Due to the various steric collisions between the side-chain and the main-chain [1], it is anticipated that different amino acids have different entropies and thus different degrees of difficulties for the torsion angle predictions. In the lower part of Table 1, we examine the ANGLOR performance for each of 20 amino acids. Not surprisingly, Glycine has the largest prediction error (75°/67° for phi/psi angles), which is mainly due to the fact that Glycine has no side-chain atom except for a proton. It has therefore the least steric restriction to the backbone dihedral angle motions. Accordingly, the angle entropy of Glycine is the highest among all the 20 amino acids (Table 1).

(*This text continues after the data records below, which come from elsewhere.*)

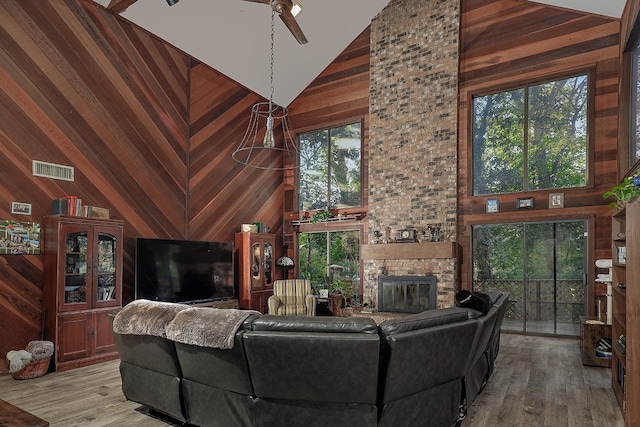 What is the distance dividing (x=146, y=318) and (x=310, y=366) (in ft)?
4.91

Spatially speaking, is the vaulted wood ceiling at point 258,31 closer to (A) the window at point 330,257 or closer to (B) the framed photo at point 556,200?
(B) the framed photo at point 556,200

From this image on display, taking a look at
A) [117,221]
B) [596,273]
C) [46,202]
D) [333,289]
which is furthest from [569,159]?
[46,202]

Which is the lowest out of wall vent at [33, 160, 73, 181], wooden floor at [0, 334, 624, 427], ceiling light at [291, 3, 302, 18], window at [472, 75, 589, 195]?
wooden floor at [0, 334, 624, 427]

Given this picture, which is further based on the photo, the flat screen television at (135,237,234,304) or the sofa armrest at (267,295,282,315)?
the sofa armrest at (267,295,282,315)

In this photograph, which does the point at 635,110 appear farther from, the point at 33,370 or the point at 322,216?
the point at 33,370

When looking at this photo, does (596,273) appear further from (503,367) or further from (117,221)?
(117,221)

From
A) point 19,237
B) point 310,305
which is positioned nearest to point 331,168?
point 310,305

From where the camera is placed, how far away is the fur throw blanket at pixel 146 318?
126 inches

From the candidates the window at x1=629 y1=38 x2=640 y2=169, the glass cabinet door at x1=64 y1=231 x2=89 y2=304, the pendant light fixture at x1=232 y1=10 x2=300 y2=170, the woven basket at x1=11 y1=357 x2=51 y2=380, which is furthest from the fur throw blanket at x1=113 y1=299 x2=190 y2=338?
the window at x1=629 y1=38 x2=640 y2=169

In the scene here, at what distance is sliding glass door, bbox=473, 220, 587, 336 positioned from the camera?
6.63 meters

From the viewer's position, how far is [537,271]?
6.93 m

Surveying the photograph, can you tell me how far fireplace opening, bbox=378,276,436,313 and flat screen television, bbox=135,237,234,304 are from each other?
290cm

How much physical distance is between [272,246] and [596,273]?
5.78 m

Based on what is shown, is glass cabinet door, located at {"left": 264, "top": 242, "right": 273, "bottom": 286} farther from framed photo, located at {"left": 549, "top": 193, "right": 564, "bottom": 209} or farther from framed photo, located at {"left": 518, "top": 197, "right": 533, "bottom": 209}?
framed photo, located at {"left": 549, "top": 193, "right": 564, "bottom": 209} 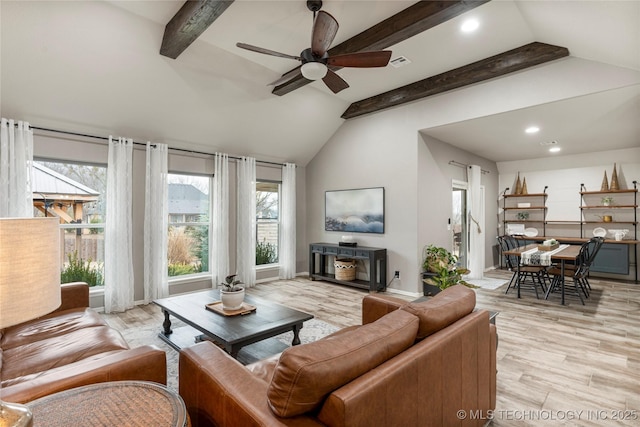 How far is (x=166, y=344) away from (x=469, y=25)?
447 centimetres

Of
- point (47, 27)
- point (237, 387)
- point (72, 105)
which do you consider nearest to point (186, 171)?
point (72, 105)

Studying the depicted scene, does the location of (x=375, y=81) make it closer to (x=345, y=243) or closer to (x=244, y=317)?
(x=345, y=243)

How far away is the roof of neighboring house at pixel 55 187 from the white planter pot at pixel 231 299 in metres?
2.81

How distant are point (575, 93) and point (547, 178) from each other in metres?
4.36

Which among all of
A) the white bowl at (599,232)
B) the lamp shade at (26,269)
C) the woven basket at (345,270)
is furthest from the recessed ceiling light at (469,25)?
the white bowl at (599,232)

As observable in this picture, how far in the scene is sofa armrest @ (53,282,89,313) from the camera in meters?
2.81

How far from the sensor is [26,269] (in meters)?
0.91

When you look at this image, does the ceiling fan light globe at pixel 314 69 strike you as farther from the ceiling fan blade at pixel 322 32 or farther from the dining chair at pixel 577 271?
the dining chair at pixel 577 271

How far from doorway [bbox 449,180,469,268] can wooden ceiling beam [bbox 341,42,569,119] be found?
2.30m

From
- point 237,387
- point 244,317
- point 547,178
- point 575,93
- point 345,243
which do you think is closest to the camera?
point 237,387

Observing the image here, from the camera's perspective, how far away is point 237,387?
4.10 feet

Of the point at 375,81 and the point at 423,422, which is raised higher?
the point at 375,81

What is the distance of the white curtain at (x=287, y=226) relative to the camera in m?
6.45

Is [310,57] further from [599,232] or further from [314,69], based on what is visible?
[599,232] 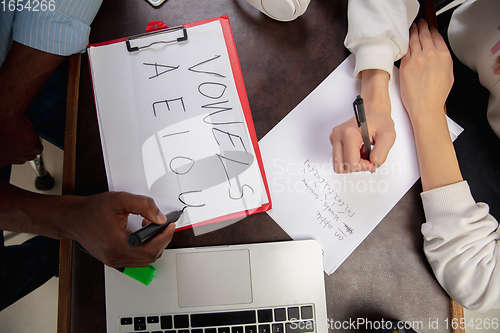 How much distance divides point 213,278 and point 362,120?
365 mm

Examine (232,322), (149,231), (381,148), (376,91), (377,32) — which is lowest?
(232,322)

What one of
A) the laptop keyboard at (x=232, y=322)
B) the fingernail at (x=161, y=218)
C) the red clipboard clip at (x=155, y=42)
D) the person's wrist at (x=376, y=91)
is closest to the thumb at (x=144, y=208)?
the fingernail at (x=161, y=218)

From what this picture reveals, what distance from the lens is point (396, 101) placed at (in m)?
0.55

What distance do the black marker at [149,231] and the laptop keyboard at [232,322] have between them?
0.54ft

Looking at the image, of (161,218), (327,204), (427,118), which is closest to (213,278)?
(161,218)

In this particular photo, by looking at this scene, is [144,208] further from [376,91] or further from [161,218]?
[376,91]

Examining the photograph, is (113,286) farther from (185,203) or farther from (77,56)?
(77,56)

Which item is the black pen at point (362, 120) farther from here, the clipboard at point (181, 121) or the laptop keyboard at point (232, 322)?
the laptop keyboard at point (232, 322)

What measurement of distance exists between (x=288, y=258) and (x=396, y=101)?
37 cm

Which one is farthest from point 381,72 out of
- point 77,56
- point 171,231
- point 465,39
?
point 77,56

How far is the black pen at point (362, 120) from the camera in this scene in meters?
0.41

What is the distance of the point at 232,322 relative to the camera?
18.7 inches

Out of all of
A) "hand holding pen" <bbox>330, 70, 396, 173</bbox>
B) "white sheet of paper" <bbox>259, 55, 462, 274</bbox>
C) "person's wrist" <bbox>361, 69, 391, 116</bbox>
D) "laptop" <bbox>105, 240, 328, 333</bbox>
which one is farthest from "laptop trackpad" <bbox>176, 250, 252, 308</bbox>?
"person's wrist" <bbox>361, 69, 391, 116</bbox>

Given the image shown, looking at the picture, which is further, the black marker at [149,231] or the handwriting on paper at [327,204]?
the handwriting on paper at [327,204] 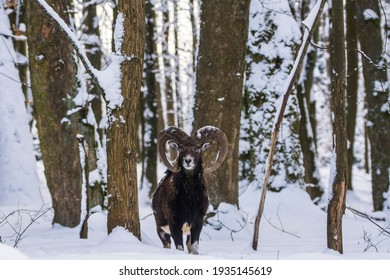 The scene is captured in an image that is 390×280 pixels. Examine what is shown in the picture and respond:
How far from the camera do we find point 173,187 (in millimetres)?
8688

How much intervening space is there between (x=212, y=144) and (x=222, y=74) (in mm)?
1163

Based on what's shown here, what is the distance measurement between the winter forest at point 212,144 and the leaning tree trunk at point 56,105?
17 mm

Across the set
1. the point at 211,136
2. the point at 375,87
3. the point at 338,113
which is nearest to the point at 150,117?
the point at 375,87

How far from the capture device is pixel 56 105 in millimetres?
9477

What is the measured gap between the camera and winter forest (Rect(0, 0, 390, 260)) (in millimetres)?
6922

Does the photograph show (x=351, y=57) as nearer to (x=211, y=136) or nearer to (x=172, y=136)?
(x=211, y=136)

Proline has the least MAE (∼15°) for phi angles but has an unusually large MAE (∼61°) for psi angle prediction. This is because of its special side-chain structure which has the delta-carbon atom attached to the backbone nitrogen and significantly restricts the backbone rotation at the phi direction. But the leaning of side-chains toward the nitrogen has almost no steric restriction to the C-O backbone atoms. These result in a significant difference in the torsion angle entropy for Proline between phi (1.61) and psi (2.91).

Comparison to naïve predictors

Although the above comparisons show some degree of advantage of ANGLOR over other algorithms in literature, a comparison of the ANGLOR prediction to simple and naïve predictors should help to quantitatively justify the necessity of the training efforts.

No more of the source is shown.